[Data to examine — start]

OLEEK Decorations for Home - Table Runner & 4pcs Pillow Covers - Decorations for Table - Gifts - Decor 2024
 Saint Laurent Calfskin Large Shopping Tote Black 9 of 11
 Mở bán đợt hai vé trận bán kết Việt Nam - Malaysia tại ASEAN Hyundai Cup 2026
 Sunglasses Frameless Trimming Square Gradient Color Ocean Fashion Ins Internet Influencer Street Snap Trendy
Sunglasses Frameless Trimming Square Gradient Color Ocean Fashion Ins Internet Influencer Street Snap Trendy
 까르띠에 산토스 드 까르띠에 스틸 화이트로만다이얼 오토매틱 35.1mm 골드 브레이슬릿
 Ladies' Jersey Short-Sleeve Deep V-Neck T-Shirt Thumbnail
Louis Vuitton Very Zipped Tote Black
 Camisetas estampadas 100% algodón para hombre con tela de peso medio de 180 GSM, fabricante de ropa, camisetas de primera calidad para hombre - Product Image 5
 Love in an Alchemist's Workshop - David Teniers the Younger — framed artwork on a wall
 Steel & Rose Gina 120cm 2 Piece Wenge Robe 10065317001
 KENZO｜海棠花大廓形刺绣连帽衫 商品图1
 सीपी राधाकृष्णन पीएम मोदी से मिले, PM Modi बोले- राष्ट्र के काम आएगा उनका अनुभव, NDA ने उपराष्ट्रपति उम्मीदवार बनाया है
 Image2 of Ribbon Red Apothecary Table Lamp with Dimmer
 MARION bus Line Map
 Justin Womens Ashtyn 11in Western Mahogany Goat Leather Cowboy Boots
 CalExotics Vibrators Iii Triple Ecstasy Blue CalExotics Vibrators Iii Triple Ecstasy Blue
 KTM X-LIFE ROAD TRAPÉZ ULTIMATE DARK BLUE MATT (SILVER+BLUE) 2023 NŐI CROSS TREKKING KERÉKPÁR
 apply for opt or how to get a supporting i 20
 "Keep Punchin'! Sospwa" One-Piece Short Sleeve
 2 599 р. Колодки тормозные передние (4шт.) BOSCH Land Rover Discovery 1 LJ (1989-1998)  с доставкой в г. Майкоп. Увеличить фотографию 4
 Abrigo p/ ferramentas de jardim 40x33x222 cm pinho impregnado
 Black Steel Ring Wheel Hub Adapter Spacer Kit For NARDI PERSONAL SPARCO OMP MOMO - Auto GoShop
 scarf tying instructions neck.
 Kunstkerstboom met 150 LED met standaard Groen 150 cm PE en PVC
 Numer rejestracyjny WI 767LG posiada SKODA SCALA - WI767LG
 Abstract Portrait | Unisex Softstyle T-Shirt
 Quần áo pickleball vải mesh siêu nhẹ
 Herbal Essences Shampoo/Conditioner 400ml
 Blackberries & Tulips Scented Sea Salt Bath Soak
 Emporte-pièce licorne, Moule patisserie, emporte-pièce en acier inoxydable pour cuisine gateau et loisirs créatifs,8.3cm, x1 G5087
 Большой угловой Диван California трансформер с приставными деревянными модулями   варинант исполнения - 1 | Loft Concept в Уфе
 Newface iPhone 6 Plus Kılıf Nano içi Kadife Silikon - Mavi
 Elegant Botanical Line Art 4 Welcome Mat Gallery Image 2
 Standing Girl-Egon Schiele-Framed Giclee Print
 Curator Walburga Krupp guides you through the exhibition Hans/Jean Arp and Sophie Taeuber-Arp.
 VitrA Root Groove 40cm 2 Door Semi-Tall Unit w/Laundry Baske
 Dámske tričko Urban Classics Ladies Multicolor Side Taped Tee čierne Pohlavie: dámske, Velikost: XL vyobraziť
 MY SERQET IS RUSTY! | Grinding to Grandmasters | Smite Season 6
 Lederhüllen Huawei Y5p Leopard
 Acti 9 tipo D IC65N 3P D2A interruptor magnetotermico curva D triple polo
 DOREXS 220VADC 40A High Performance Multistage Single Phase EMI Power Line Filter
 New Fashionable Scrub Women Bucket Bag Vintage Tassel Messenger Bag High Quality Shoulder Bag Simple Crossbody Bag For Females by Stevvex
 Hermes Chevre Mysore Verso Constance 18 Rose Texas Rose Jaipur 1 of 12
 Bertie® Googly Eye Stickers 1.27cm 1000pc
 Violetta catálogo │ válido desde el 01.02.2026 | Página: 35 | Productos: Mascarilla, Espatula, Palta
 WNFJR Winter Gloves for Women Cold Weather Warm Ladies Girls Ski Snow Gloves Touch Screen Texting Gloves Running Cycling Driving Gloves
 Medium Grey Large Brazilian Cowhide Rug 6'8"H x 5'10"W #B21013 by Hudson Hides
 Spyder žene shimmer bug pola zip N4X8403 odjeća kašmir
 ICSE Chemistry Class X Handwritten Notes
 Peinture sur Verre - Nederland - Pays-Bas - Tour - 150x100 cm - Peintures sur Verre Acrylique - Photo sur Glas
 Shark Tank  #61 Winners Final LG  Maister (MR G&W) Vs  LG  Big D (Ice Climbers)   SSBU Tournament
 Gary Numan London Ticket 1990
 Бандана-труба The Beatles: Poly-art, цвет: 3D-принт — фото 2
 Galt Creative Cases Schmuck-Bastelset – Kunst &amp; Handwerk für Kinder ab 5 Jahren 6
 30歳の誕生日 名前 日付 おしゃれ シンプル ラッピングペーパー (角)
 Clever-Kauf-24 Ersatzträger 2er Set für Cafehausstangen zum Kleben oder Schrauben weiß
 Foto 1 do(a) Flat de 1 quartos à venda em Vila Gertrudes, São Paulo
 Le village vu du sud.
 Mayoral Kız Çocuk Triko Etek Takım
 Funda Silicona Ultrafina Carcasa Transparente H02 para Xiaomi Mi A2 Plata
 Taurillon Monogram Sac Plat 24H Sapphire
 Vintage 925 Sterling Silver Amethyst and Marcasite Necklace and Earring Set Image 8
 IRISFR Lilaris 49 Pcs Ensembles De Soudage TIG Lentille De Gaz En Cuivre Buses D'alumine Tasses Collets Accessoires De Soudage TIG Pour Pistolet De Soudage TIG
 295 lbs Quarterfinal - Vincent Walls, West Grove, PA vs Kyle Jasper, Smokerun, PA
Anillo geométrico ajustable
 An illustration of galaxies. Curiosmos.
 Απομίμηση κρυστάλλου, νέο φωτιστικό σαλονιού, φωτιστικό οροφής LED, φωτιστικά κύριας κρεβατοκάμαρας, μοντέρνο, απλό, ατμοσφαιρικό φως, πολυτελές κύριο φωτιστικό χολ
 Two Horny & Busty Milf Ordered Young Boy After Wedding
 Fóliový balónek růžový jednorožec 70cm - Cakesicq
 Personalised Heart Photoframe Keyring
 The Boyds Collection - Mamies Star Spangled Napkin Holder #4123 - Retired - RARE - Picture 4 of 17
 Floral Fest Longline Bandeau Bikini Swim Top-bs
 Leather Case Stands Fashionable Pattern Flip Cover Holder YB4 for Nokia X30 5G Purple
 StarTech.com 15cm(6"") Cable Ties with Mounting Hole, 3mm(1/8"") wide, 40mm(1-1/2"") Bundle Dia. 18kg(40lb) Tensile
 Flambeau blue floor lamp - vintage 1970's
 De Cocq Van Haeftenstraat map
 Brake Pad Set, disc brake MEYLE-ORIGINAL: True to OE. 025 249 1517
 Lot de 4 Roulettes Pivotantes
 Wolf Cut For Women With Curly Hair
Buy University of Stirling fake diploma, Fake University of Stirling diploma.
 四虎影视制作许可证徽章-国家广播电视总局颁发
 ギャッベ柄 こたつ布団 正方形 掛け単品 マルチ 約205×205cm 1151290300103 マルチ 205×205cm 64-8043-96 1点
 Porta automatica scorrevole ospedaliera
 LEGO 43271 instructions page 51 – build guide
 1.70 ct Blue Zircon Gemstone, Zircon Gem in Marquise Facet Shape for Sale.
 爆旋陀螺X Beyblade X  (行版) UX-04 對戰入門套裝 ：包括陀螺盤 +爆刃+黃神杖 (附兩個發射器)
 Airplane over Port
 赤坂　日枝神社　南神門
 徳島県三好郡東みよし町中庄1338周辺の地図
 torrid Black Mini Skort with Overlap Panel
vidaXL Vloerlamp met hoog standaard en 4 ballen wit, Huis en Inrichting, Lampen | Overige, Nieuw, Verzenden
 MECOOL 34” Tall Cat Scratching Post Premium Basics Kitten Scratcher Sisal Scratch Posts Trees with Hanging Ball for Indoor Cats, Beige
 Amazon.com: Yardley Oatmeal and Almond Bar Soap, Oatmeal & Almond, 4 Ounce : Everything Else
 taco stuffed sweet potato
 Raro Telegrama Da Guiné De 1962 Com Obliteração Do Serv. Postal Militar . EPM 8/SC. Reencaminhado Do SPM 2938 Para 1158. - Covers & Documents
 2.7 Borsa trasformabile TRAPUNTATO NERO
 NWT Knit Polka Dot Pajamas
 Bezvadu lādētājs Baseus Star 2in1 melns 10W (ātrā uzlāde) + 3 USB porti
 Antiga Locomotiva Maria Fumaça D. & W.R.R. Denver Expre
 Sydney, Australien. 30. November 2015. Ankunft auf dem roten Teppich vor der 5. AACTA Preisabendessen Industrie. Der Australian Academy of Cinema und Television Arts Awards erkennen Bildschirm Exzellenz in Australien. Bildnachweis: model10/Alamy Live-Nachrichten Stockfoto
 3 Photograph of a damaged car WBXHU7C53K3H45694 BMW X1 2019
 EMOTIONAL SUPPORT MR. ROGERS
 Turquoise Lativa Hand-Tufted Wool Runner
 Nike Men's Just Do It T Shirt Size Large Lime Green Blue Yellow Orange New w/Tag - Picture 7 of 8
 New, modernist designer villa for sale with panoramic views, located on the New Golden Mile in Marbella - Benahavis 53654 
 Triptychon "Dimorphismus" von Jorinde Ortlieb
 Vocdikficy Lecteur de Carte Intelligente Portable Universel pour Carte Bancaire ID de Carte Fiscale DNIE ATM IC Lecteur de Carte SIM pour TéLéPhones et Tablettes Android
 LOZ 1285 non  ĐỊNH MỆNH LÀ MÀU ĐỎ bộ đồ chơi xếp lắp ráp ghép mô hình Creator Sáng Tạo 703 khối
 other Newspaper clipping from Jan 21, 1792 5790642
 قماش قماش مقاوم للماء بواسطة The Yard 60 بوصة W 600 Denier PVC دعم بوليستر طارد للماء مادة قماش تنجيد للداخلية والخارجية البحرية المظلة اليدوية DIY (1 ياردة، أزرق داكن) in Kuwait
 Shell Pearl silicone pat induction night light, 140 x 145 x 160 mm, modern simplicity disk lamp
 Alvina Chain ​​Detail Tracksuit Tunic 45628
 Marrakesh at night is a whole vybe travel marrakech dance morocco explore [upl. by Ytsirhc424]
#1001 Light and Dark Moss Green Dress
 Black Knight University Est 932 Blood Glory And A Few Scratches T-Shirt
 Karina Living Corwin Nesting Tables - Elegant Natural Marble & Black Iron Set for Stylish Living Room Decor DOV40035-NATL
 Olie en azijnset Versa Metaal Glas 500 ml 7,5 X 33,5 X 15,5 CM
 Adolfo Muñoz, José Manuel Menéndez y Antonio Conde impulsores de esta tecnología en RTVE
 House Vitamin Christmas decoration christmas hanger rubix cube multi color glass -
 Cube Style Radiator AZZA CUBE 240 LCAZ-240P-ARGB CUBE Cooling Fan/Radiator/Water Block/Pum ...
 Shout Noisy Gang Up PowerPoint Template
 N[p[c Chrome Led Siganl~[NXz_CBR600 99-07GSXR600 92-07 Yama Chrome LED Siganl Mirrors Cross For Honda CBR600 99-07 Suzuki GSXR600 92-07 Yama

[Data to examine — finish]

Exercise prompt => Only a number is wanted here: the count of lines in the listing above holding the string "Elegant".

Solution to this task => 2